There’s a push to protect a large parcel of provincially-owned farmland in Delta that comes with a controversial past.

The 600-acre Brunswick Point farmland is used to grow everything from peas and corn to barley and berries.

“We had roughly 70 acres of potatoes here last year and it would produce close to 2,000 tonnes of potatoes for the local market,” explained Cory Gerrard, manager at Swenson Farms.

“The Delta soil is very fertile.
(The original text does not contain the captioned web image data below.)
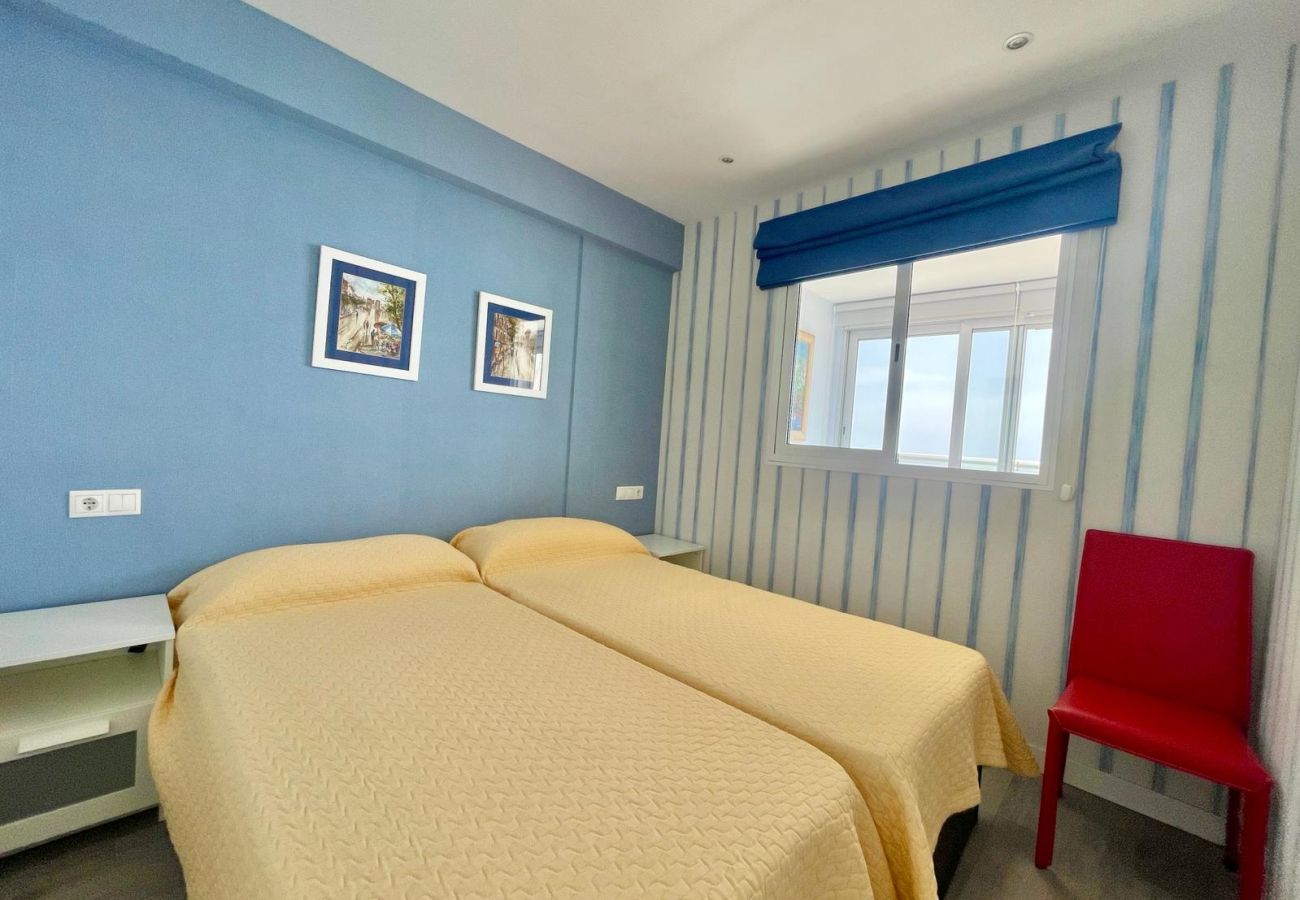 Apartment in Benidorm - CAROLINA SEAFRONT LEVANTE N157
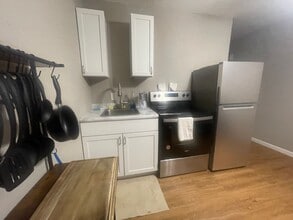 Building Photo - 8669 Historic Hwy 165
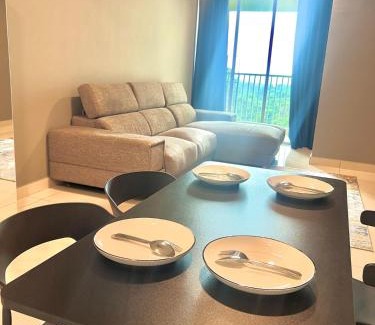 Sungai Buloh Apartamento | Elegant Pool View Condo at Residensi Suasana Damai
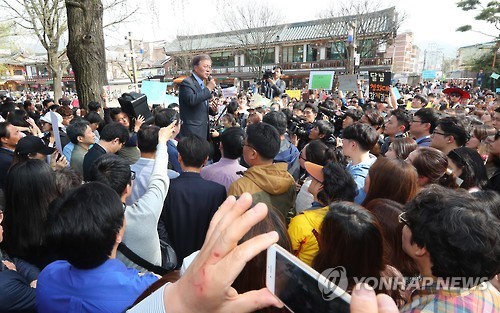 [문재인] 오늘은 전주 지원 유세하러 방문하신 문재인 전 대표.jpg | 인스티즈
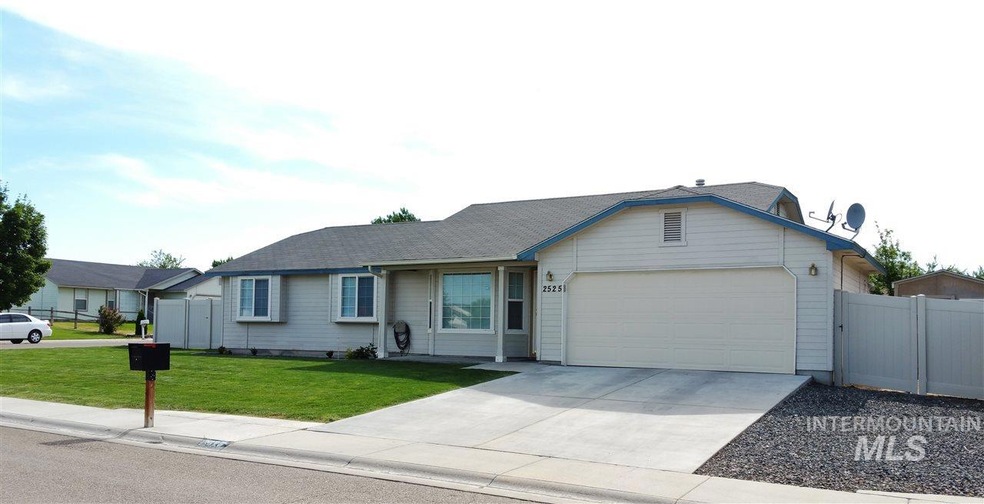 2525 Smart St, Nampa, ID 83686 - photo 1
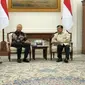 Wakil Presiden Jusuf Kalla berbincang dengan CEO ISS Group Jeff Gravenhorst dan CEO ISS Indonesia Elisa Lumbantoruan. (ISS Indonesia)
It holds moisture really well and we can grow very good quality potatoes,” he explained.

The Swenson family has been farming the land since the late 1800’s.

“My wife is a Swenson,” Gerrard explained. “They’re fifth generation farmers now.”

But Swenson Farms now only leases the land they owned until 1968.

“The government came along at the time and expropriated almost 4,000 acres of farmland here in west Delta for the future building of the Roberts Bank container terminal and coal port,” explained Ian Paton, the MLA for Delta South and Liberal shadow critic for Agriculture and Food

He said when the government of the day realized not all the land was needed, most of it was offered for sale back to the original farm families.

“Most of the families took up that offer, except for 600 acres here on Brunswick Point, which was never sold back to the farm families that have been here for many generations,” Paton said.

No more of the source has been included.